**Data excerpt:**
BEGIN
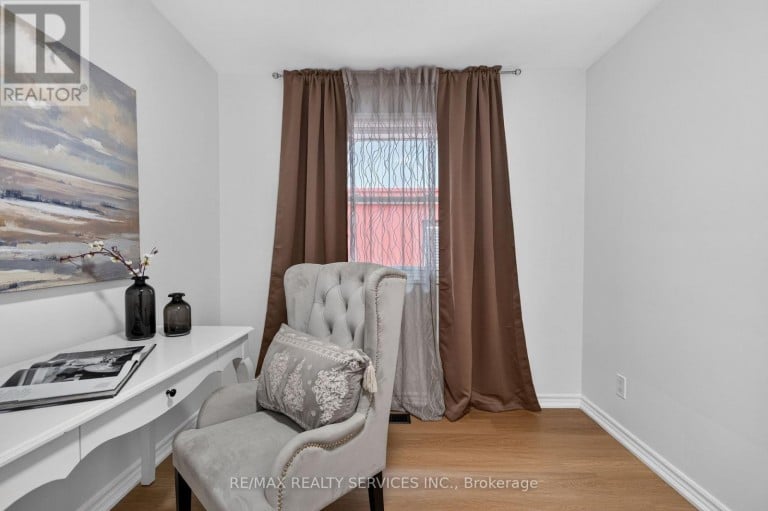 8 LENECK AVENUE, Brampton (Northwood Park), Ontario, L6X2A7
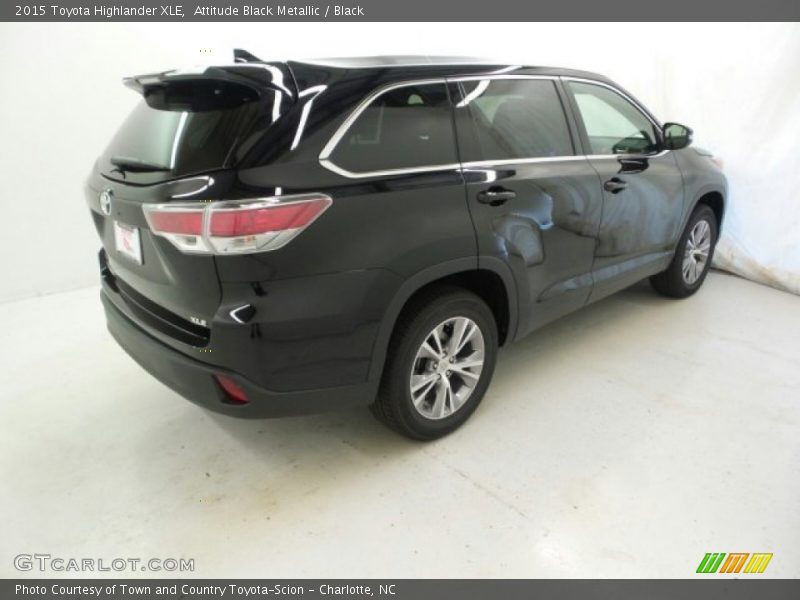 Attitude Black Metallic / Black 2015 Toyota Highlander XLE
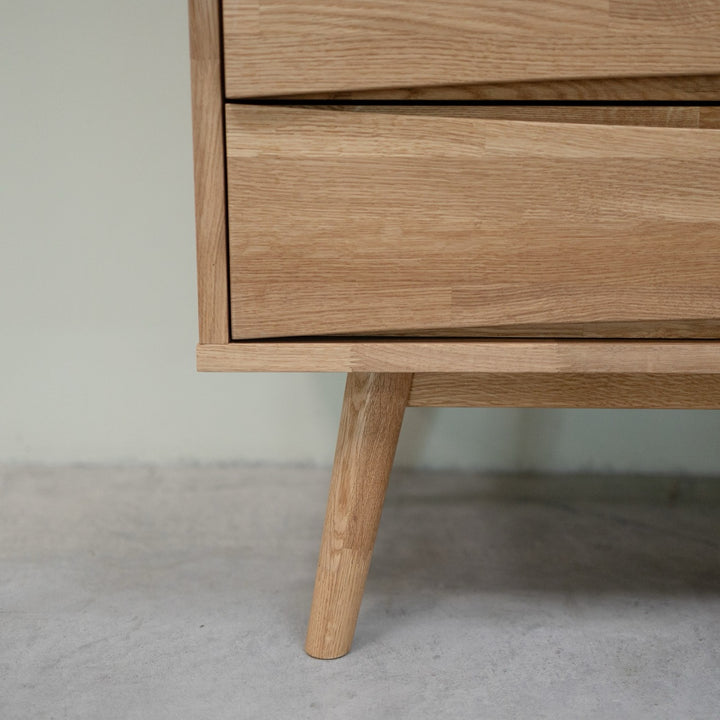 VESKOR Vetrina in legno massiccio di rovere sostenibile MALMO 1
END
**Task details:**
Would you return the material above exactly, apart from its pictures?

**Result:**
 8 LENECK AVENUE, Brampton (Northwood Park), Ontario, L6X2A7
 Attitude Black Metallic / Black 2015 Toyota Highlander XLE
 VESKOR Vetrina in legno massiccio di rovere sostenibile MALMO 1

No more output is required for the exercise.